Pictures with short captions:
......

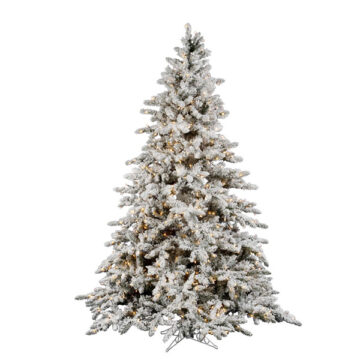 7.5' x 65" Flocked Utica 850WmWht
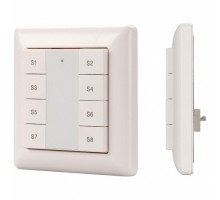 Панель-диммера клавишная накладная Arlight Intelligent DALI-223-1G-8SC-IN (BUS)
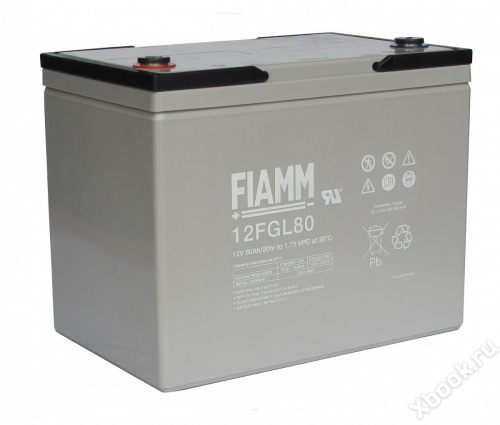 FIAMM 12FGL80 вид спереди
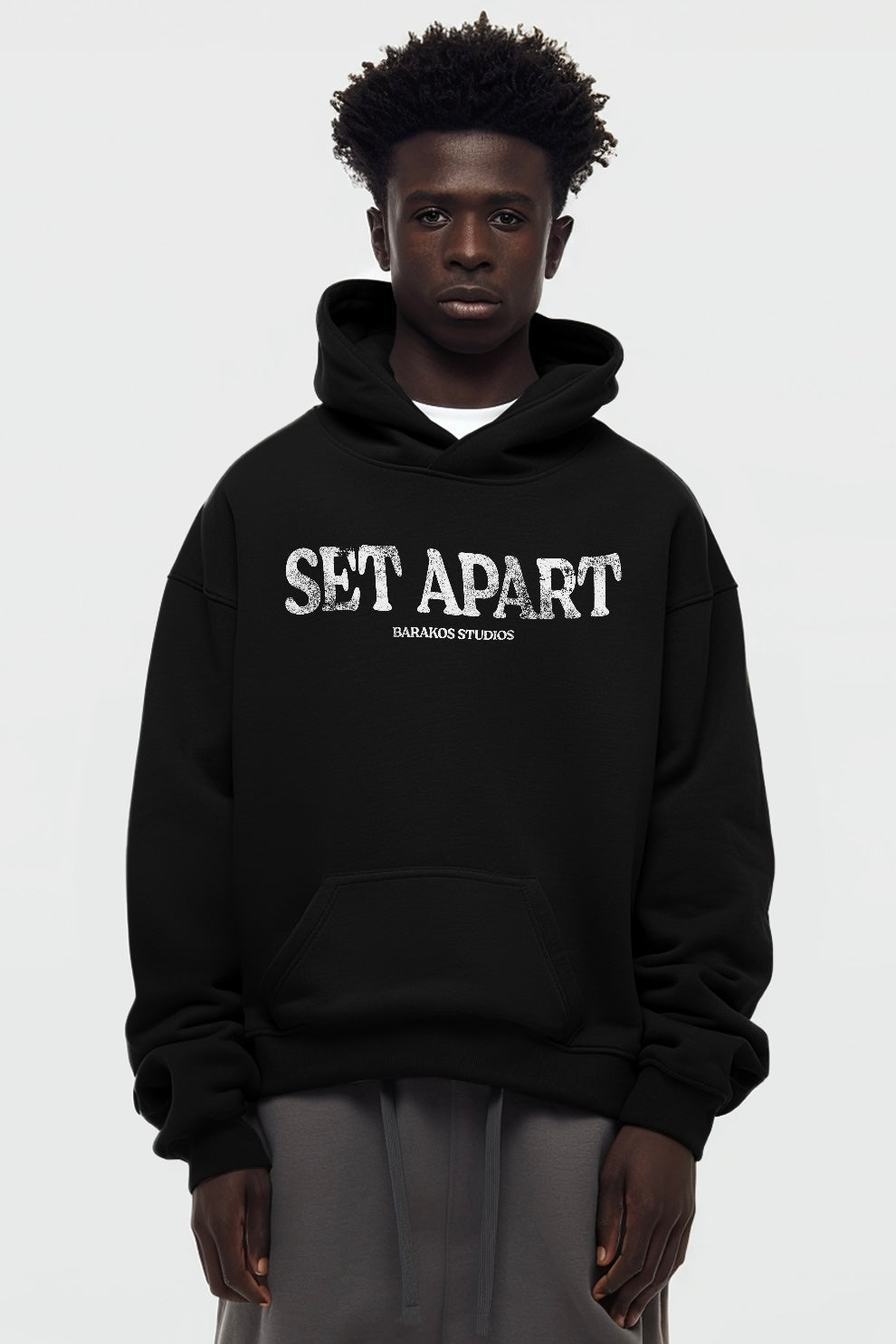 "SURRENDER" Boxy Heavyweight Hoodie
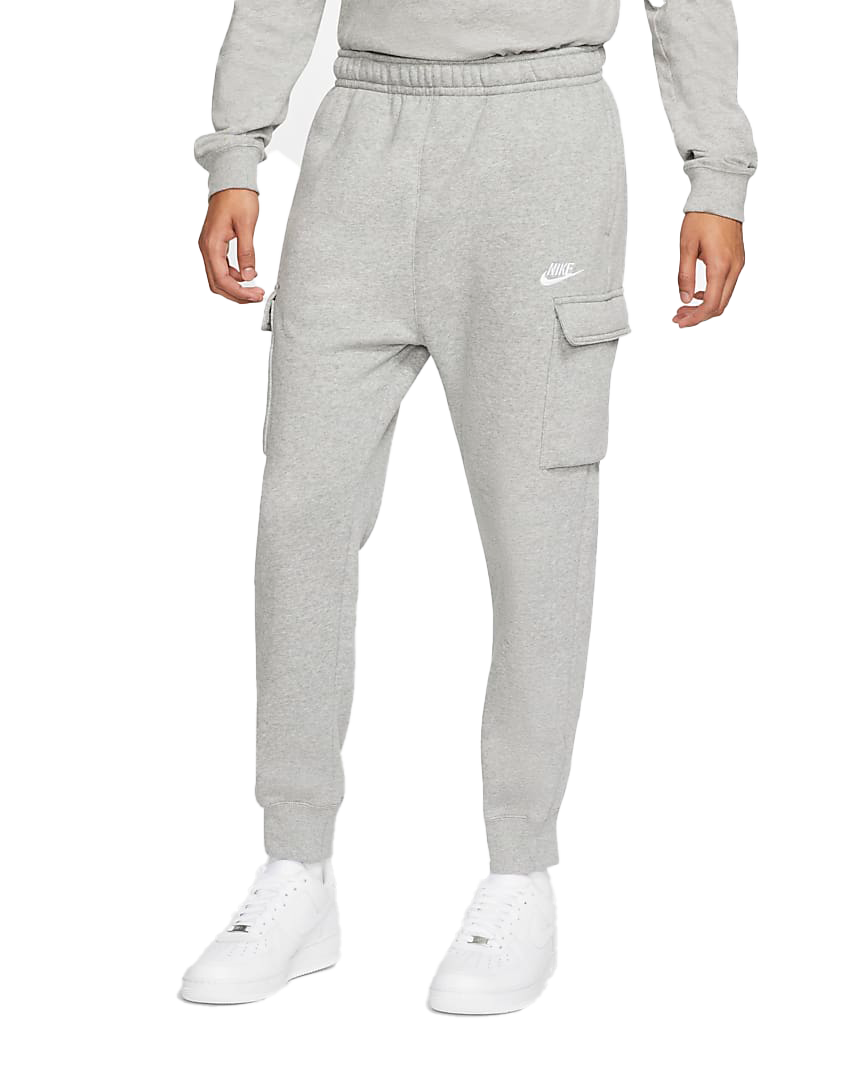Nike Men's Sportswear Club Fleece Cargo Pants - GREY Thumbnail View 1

......

Problem requirements — Copy out every entry above verbatim. Leave each picture out.

The answer —
 7.5' x 65" Flocked Utica 850WmWht
 Панель-диммера клавишная накладная Arlight Intelligent DALI-223-1G-8SC-IN (BUS)
 FIAMM 12FGL80 вид спереди
 "SURRENDER" Boxy Heavyweight Hoodie
Nike Men's Sportswear Club Fleece Cargo Pants - GREY Thumbnail View 1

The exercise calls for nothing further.